There he found Old Og, the master huntsman, sipping a cup of coffee and reading the Sunday papers. "Good morning, old man!" Thistlewhacker said by way of cheerful salute. "How fares it with thee this fine morning, grandfather?"
"Og your father," the grizzled old relic of a bygone age reminded him. "No use your pretending Og not." Thistlewhacker quickly changed the subject.
"How goes the hunt, old — Father? Do you plan to stalk another fine mastodon today?"

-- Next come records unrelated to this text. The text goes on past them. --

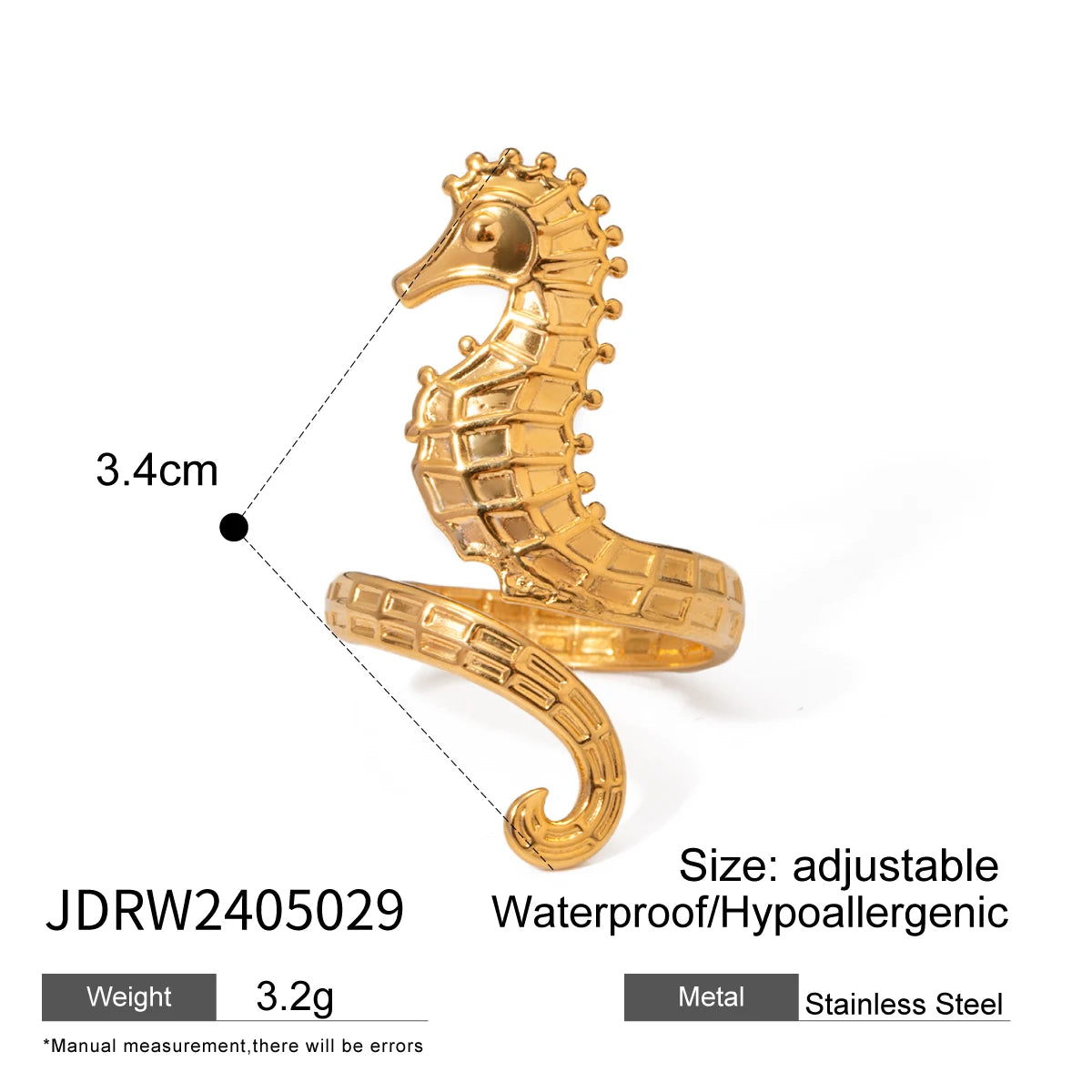 Uworld Vacation Ocean Wind 18K Gold Color Plated Stainless Steel Hollow Shell Ring Starfish Coral Stackable Ring Women's Accesso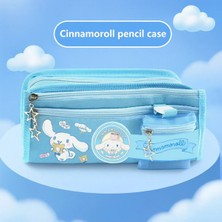 Fillikutum Sanrio Cinnamoroll Kawaii Mavi Kalem Kutusu – Yüksek Kapasiteli Çok Gözlü Kalemlik - Mavi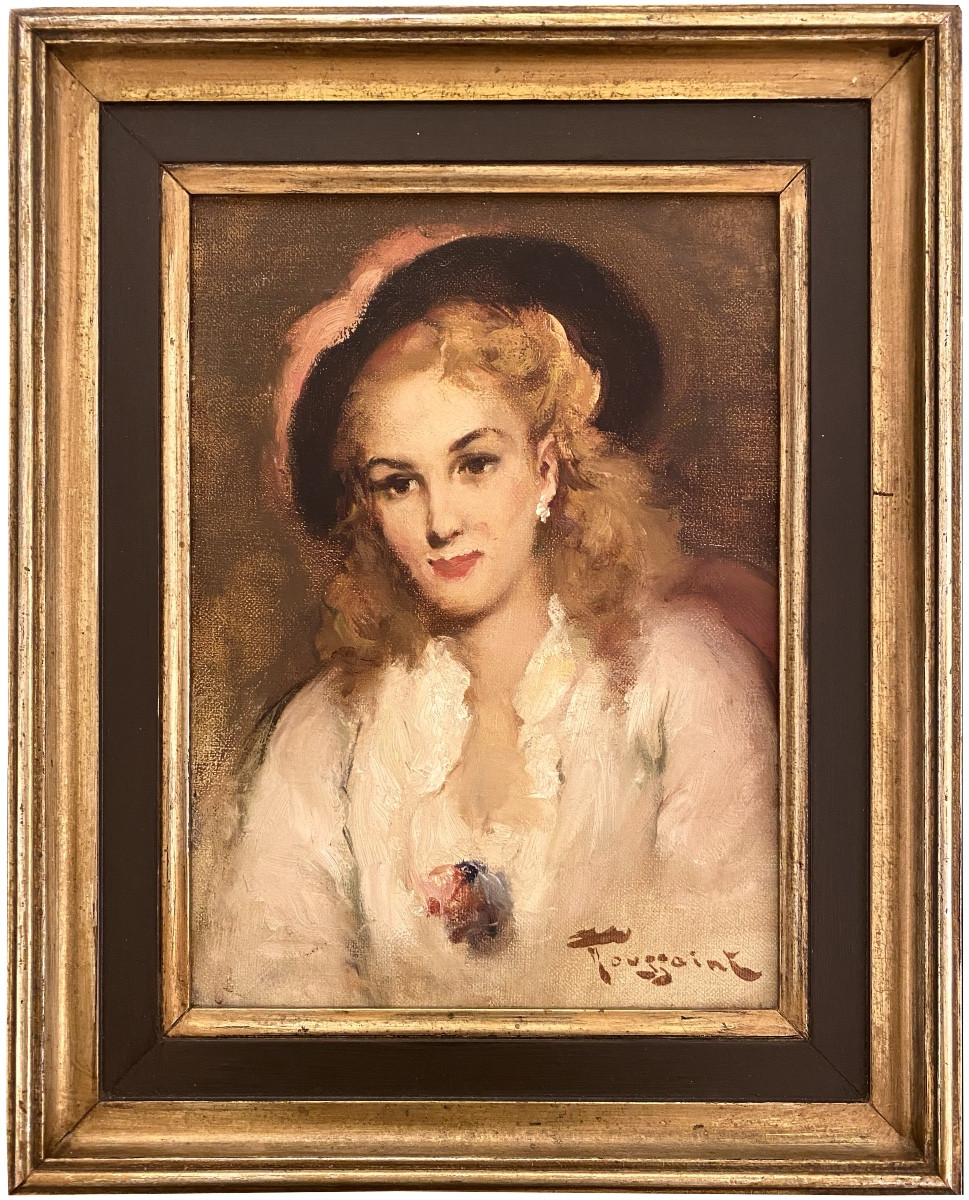 Fernand Toussaint (1873 – Bruxelles – 1956) - « Dame au chapeau noir »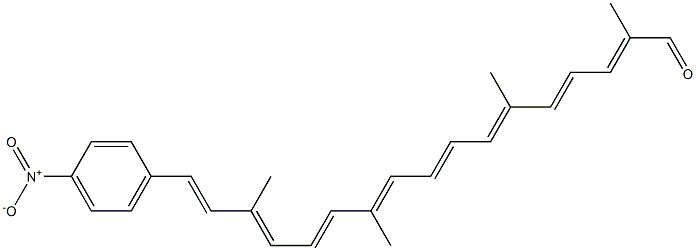 (2E,4E,6E,8E,10E,12E,14E,16E)-17-(4-ニトロフェニル)-2,6,11,15-テトラメチルヘプタデカ-2,4,6,8,10,12,14,16-オクタエナール 化学構造式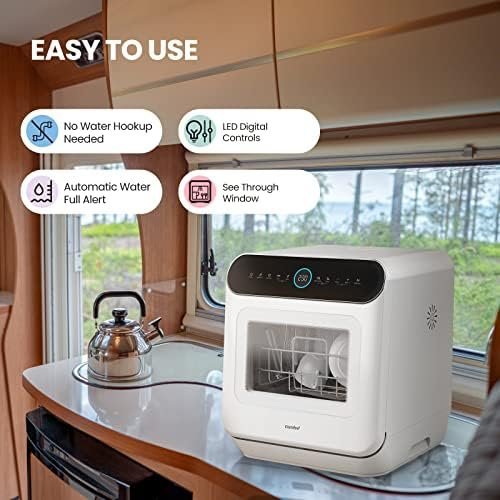COMFEE' Mini Plus Dishwasher TD305-W Compact Table Top Dishwasher with 3 Place Settings, 7 Programmes, Touch Control, LED Display, Delay Start and Off-peak Wash Function - White - Image 3
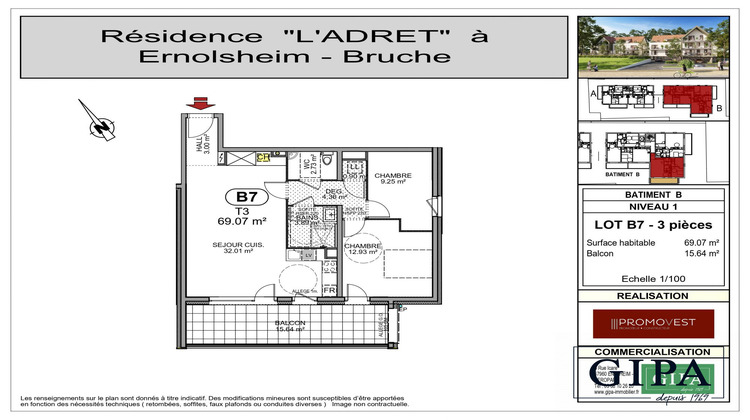 Ma-Cabane - Vente Appartement Ernolsheim-Bruche, 69 m²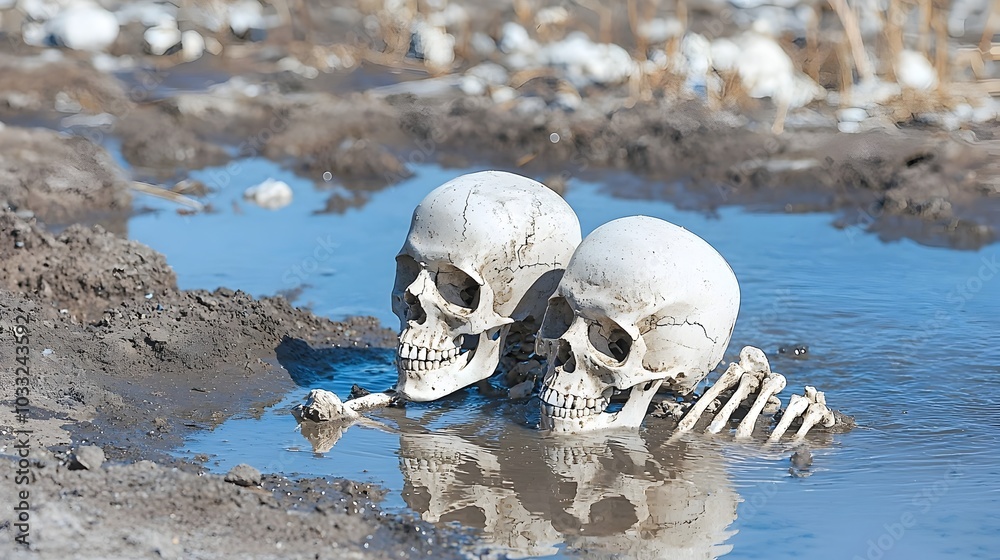 Aufkleber Skeletal remains of unknown origin lying peacefully in the gentle flow of a serene riverbed creating a haunting yet serene natural scene of the passage of time and the cycle of life and death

Og shook his shaggy head. "Mastodon season closed," he grunted. "Today, Og hunt skins and furs." The ancient huntsman let out a sort of a snorting sound, shook his head again, and then folded the newspaper and set it aside.
"Og not understand," he said to Thistlewhacker. "Much more fur there is on buffalo or deer. But Mrs. Og want Og go catch stupid little mink. Not much meat there is on mink, and it taste bad."
Og sighed. "But when Mrs. Og not happy, Og no get lucky. So Og spend all day hunting stupid little ermine and mink, and looking for shiny rocks, too. Og very much not understand."
Thistlewhacker smiled, and gave the huntsman a not unkindly pat on his massive shoulder. "That's all right," he said gently. "I've a feeling that there are some things that haven't changed since the dawn of time, and that man was simply never meant to understand."